Educators Have Options for Storing Files on the Cloud
A number of reasonably priced cloud-based file storage sites exist, but not all are optimized for education or designed specifically for the classroom. While the services are free upfront, there may still be costs involved, even if they are not readily apparent.
As classrooms plug into technology with increasing frequency, schools are naturally turning to cloud-based file storage to keep students' assignments accessible and organized. A number of reasonably priced cloud-based file storage sites exist, but not all are optimized for education.
Last year, Google announced that it was giving users 1 gigabyte of free space, for any type of file, on its popular cloud-based Google Docs service, which was already offered by services like Dropbox and SugarSync.
But while the services are free upfront, there may still be costs involved, even if they are not readily apparent.
"Google itself is free, but then you have to have backups," said Mike Hosford, CEO of VARtek, a company that helps schools and districts make the transition to the cloud. "Schools tend to have a cost structure, it's just less of a cost structure than they had."
Services like Google Docs and Dropbox are also not optimized for the needs of educators, who may look for services that take the needs of the classroom model into account.
School Web Lockers offers schools unlimited storage, and segregates files by class and by student, at a cost of $1 per user per year. Kelly Smith, the company's manager of marketing and sales, described it as a peerless homework system, where teachers post assignments and students work on them and return them for grading. A student's work is also archived in a portfolio, which stays with them from year to year, allowing teachers and students, for example, to see how a student's writing style has changed.
After schools provide the company with some basic information, School Web Lockers gets to work customizing the service for specific needs.
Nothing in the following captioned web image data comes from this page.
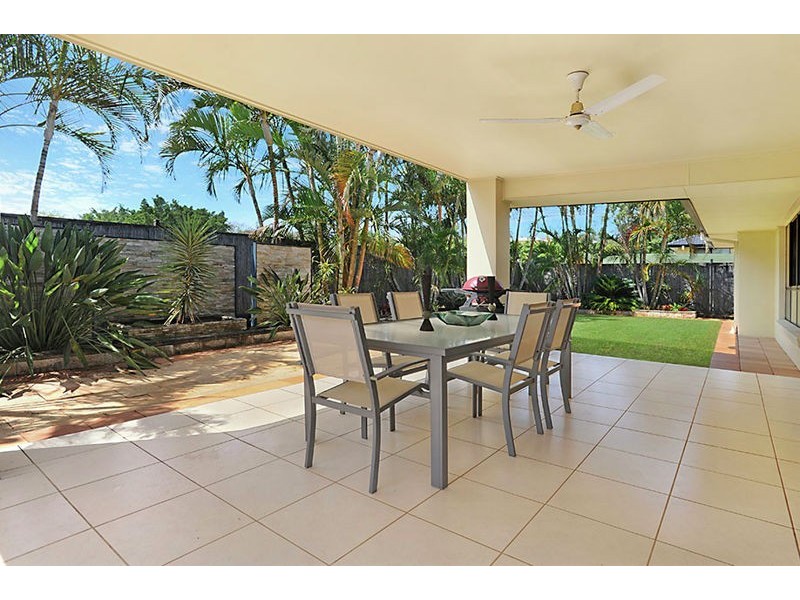 10 Octantis Court, Bridgeman Downs QLD 4035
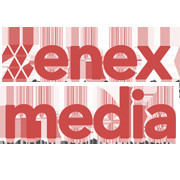 Zenex Media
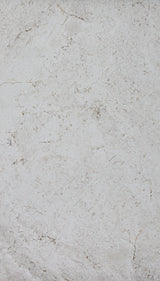 Divine Stone Matt - MTO Marbles & Tiles Outlet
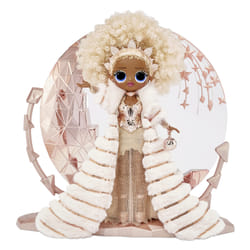 L.O.L. Surprise! OMG 2021 Holiday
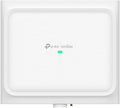 Omada BE11000 Outdoor WiFi Access Point, w/o PoE Injector(EAP772-Outdoor)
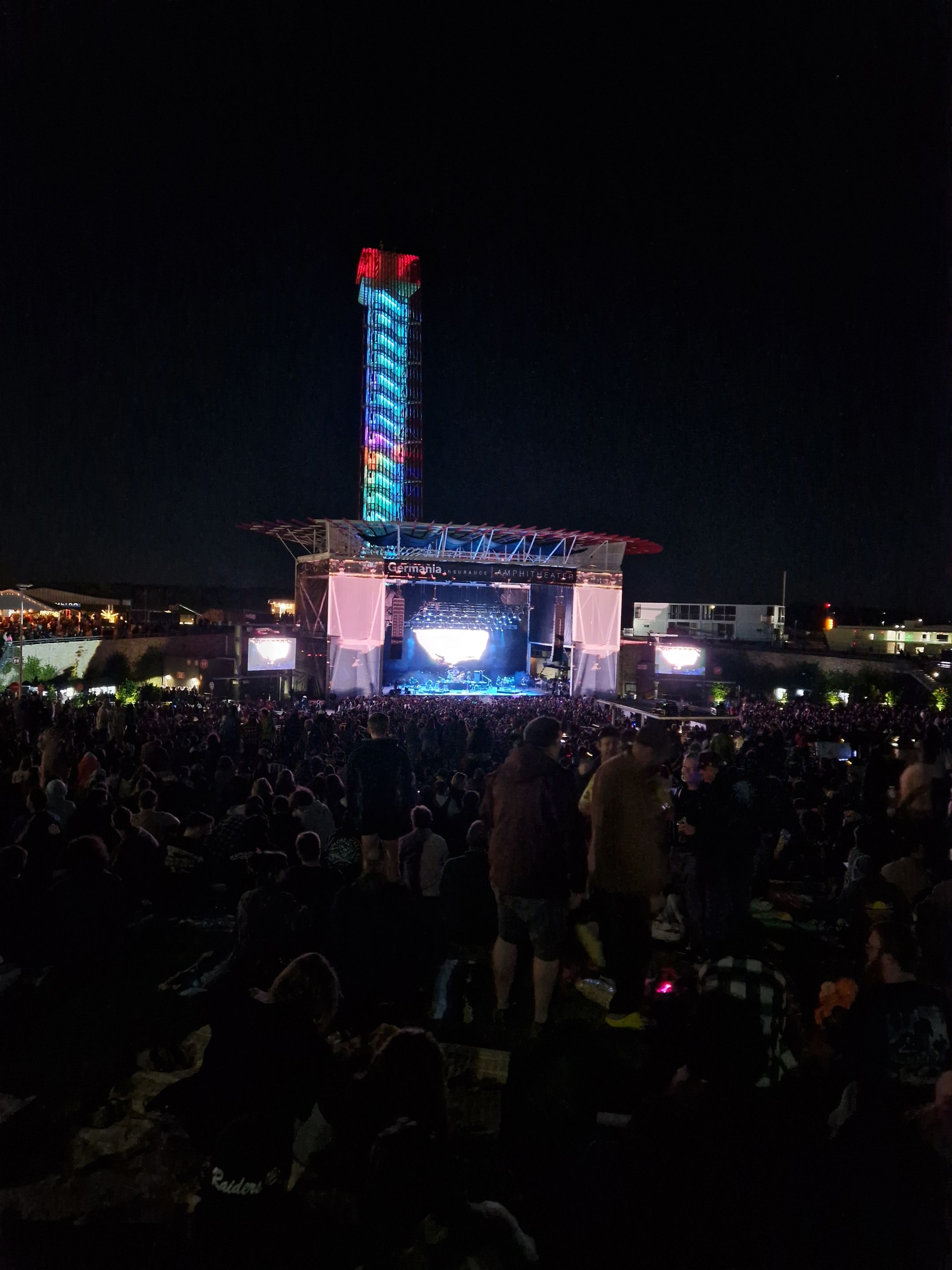 20241115_200551.jpg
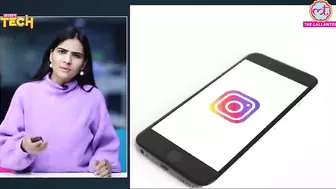 Instagram पर 2023 में कौन-कौन से फीचर आने वाले हैं? | Instagram Reels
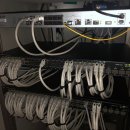 해남PC방 이미지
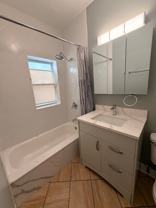 3306 N Drake Ave - Photo 1 of 1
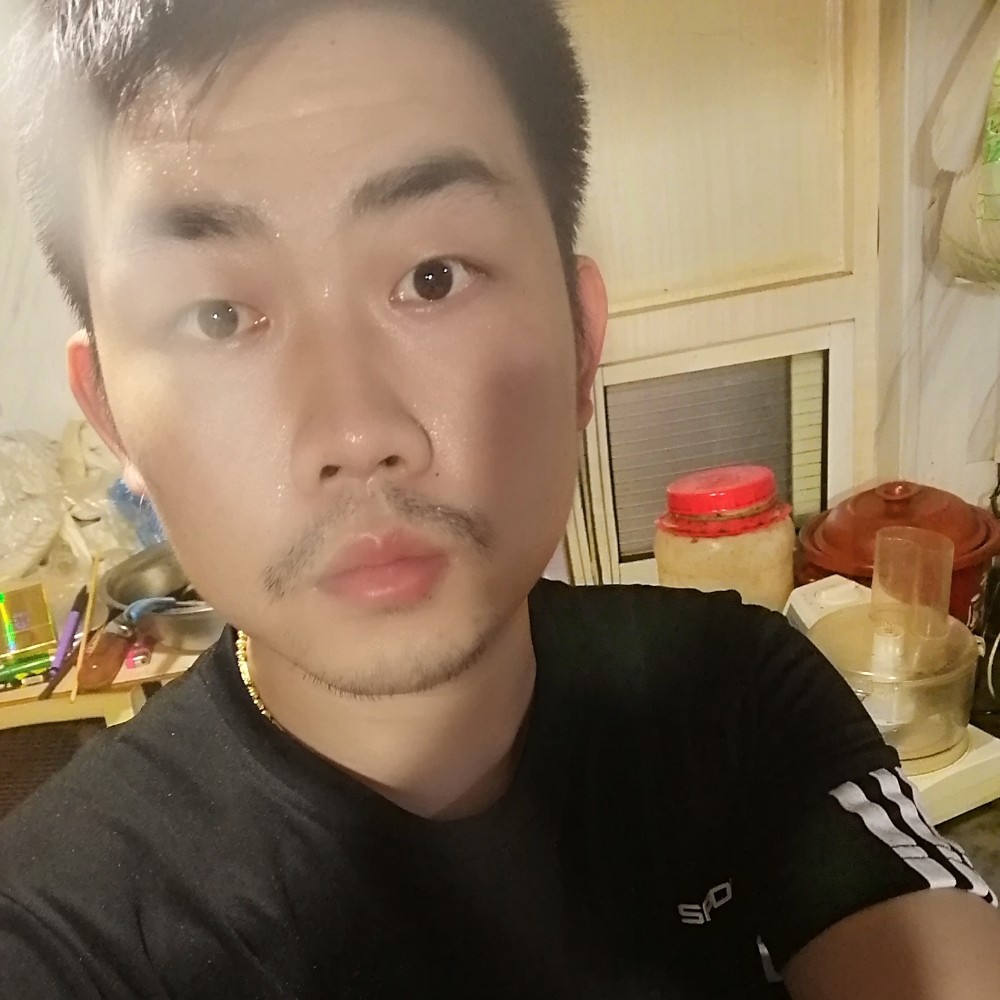 无处安放的青春1的照片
"We set up all the accounts, all the class folders, and all the associations," Smith said. "With Google docs, you have to individually create the accounts and assign who has access to what folders and what permission levels they have. With us, it's all set up for you, so when you log in for the first time you can start using your system."
Similarly, eBackpack offers schools cloud-based web lockers with unlimited storage and e-portfolios. The service also offers online commenting, multiple file uploads, and homework drop boxes.
Additionally, students can save and open files directly on their iPads. eBackpack offers varying subscription levels from single-user to district-wide implementations. Individual class plans are priced at $39 per year. School and district plans start from $1 per user per year.